Elsevier

Neurocomputing

Volume 276, 7 February 2018, Pages 55-66
Neurocomputing

Using sub-sampling and ensemble clustering techniques to improve performance of imbalanced classification

https://doi.org/10.1016/j.neucom.2017.06.082Get rights and content

Abstract

Abundant data of the patients is recorded within the health care system. During data mining process, we can achieve useful knowledge and hidden patterns within the data and consequently we will discover the meaningful knowledge. The discovered knowledge can be used by physicians and managers of health care to improve the quality of their services and to reduce the number of their medical errors. Since by the usage of a single data mining algorithm, it is difficult to diagnose or predict diseases, therefore in this research, we take a combination of the advantages of some algorithms in order to achieve better results in terms of efficiency. Most of standard learning algorithms have been designed for balanced data (the data with the same frequency of samples in each class), where the cost of wrong classification is the same within all classes. These algorithms cannot properly represent data distribution characteristics when datasets are imbalanced. In some cases, the cost of wrong classification can be very high in a sample of a special class, such as wrongly misclassifying cancerous individuals or patients as healthy ones. In this article, it is tried to present a fast and efficient way to learn from imbalanced data. This method is more suitable for learning from the imbalanced data having very little data in class of minority. Experiments show that the proposed method has more efficiency compared to traditional simple algorithms of machine learning, as well as several special-to-imbalanced-data learning algorithms. In addition, this method has lower computational complexity and faster implementation time.

Introduction

Different methods of data mining can help predict diseases automatically with high accuracy rate. Moreover, additional costs of irrelevant clinical trials will be reduced through this process. It also reduces the wrong predictions due to human tiredness, and consequently improves the quality of services. Some of the data mining methods that have been successfully applied to medical data include: neural networks, decision trees (DT), association rule mining, Bayesian networks, support vector machines (SVM), clustering and etc. Depending on the type of their application, one of these methods will be more useful. However, it is very hard to choose only a data mining algorithm that is suitable to diagnose or predict all diseases. Some algorithms are better than the others for certain purposes. However, when we bring advantages of several algorithms together, it will result in a better performance. Performance criteria will be discussed later in this study. By the way, it is almost impossible to choose the best data mining method to predict diseases for a specific criterion like accuracy, sensitivity and characteristic.

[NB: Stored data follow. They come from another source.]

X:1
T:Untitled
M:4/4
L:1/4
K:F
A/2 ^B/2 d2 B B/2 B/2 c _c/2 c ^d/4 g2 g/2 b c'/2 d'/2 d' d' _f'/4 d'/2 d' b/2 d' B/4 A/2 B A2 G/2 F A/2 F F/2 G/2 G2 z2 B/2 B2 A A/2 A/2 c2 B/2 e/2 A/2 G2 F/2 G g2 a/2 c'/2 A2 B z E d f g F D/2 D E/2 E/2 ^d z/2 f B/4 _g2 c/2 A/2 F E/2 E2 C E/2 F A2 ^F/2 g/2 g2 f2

Data analysis and the confusion among them is a problem preventing to achieve remarkable diagnostic results, because the knowledge within the data should be used properly. In fact, data mining is a response to the need of health care organizations. The more data and the complexity of their relations are, the more difficult is to access the hidden information among data. It is often assumed that distribution of classes is balanced or nearly balanced. In general, the cost of wrong classification for all classes is assumed to be the same as well. So when the dataset is imbalanced, these algorithms cannot properly display data distribution features. In a sense, these algorithms tend to put an unknown data into the classes with more frequency, and as a result, it provides unacceptable accuracy among data classes.

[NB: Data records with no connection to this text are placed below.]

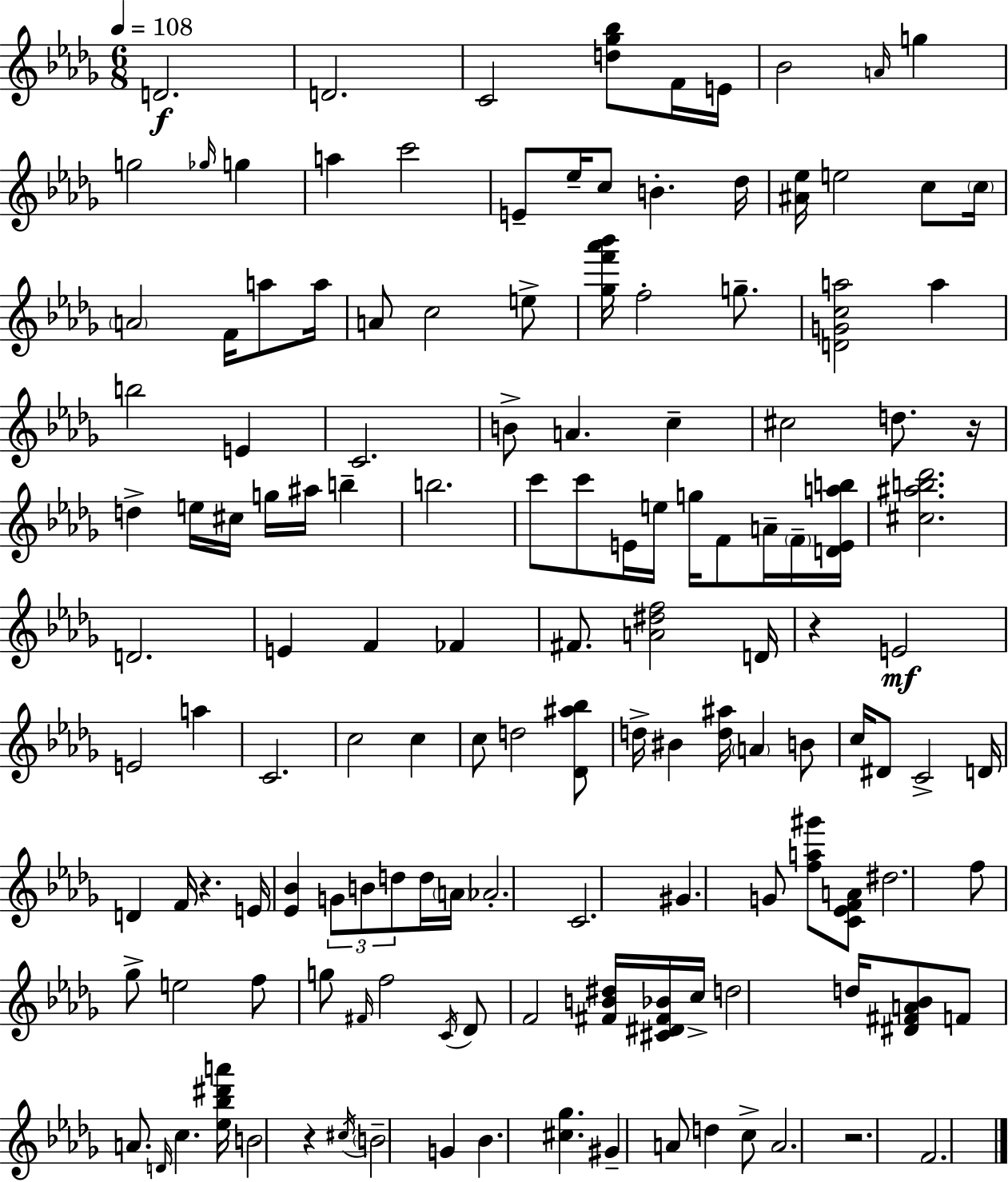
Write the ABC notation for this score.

X:1
T:Untitled
M:6/8
L:1/4
K:Bbm
D2 D2 C2 [d_g_b]/2 F/4 E/4 _B2 A/4 g g2 _g/4 g a c'2 E/2 _e/4 c/2 B _d/4 [^A_e]/4 e2 c/2 c/4 A2 F/4 a/2 a/4 A/2 c2 e/2 [_gf'_a'_b']/4 f2 g/2 [DGca]2 a b2 E C2 B/2 A c ^c2 d/2 z/4 d e/4 ^c/4 g/4 ^a/4 b b2 c'/2 c'/2 E/4 e/4 g/4 F/2 A/4 F/4 [DEab]/4 [^c^ab_d']2 D2 E F _F ^F/2 [A^df]2 D/4 z E2 E2 a C2 c2 c c/2 d2 [_D^a_b]/2 d/4 ^B [d^a]/4 A B/2 c/4 ^D/2 C2 D/4 D F/4 z E/4 [_E_B] G/2 B/2 d/2 d/4 A/4 _A2 C2 ^G G/2 [fa^g']/2 [C_EFA]/2 ^d2 f/2 _g/2 e2 f/2 g/2 ^F/4 f2 C/4 _D/2 F2 [^FB^d]/4 [^C^D^F_B]/4 c/4 d2 d/4 [^D^FA_B]/2 F/2 A/2 D/4 c [_e_b^d'a']/4 B2 z ^c/4 B2 G _B [^c_g] ^G A/2 d c/2 A2 z2 F2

An imbalanced dataset is any dataset representing an imbalanced distribution among its classes, in such a way that the imbalanced distribution is too much. This type of imbalance is called inter-classes imbalance (such as a one-to-one thousand distribution (1:1000) where in this case, one class completely eliminates the other one). The imbalanced distribution wasn't between two classes necessarily and there may be among several ones, though. In scientific communities, over 65% rate of a class may be even considered to be imbalanced data [14], [19], [23], [24].

The distributions among many actual datasets are mainly imbalanced, so it is necessary to modify the learning algorithms in order to extract knowledge out of them. As one example of these imbalanced dataset, we can exemplify the data related with the patients with breast cancer. These data are often shown with positive (cancer) and negative (health) classes. As expected, the number of healthy people is much higher than cancerous patients. Therefore, a kind of classification is required which exploits appropriate and balanced prediction accuracy for both minority and majority classes.

As we know that medical diagnosis of a cancerous patient as a healthy individual is unacceptable (and similarly a diagnosis of a healthy person as a patient), so in order to generate decision support systems, modified classifications are required. Applied classifiers must be able to provide high validity for minority class, but also does not affect the validity of majority one. For example, in this case, a healthy sample may be diagnosed 100% correctly, while the correct classification accuracy of the patient is 10%. So, it is very possible that the patient's sample is diagnosed wrongly. In this regard, it is obvious that the single evaluation criteria such as overall accuracy and error rate do not provide enough information about the quality of imbalanced learning. This kind of imbalance is called inherently imbalanced. This means that the imbalance is a direct result of the nature of data space. It is worth mentioning that imbalanced data are not just inherent; and imbalance can be sometimes relative as well, that is, the number of minority samples is naturally large but their number is very low compared to the majority class.

The data complexity is an important issue which includes data overlapping, missing data and etc. This concept is shown in Fig. 1. In Fig. 1, the stars and circles represent the minority and majority classes, respectively. As it is clear, two distributions shown in parts (A) and (B) are imbalanced, but in part (B), there are sample overlapping and multi-concept, too. According to part (B) the sub-concept C may be not learned because of lack of data.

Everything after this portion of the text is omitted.